## Work item
No pictures belong in the copy. Restate the rest of the data exactly.

## Available data
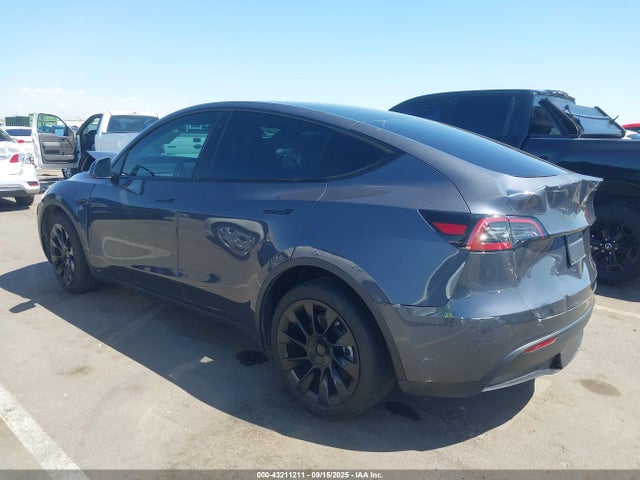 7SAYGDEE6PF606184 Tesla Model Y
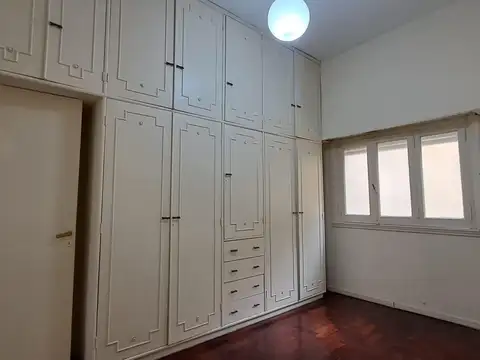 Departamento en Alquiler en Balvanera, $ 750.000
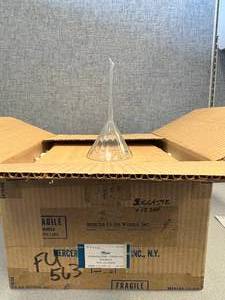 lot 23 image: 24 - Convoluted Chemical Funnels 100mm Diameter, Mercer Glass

## Response
 7SAYGDEE6PF606184 Tesla Model Y
 Departamento en Alquiler en Balvanera, $ 750.000
 lot 23 image: 24 - Convoluted Chemical Funnels 100mm Diameter, Mercer Glass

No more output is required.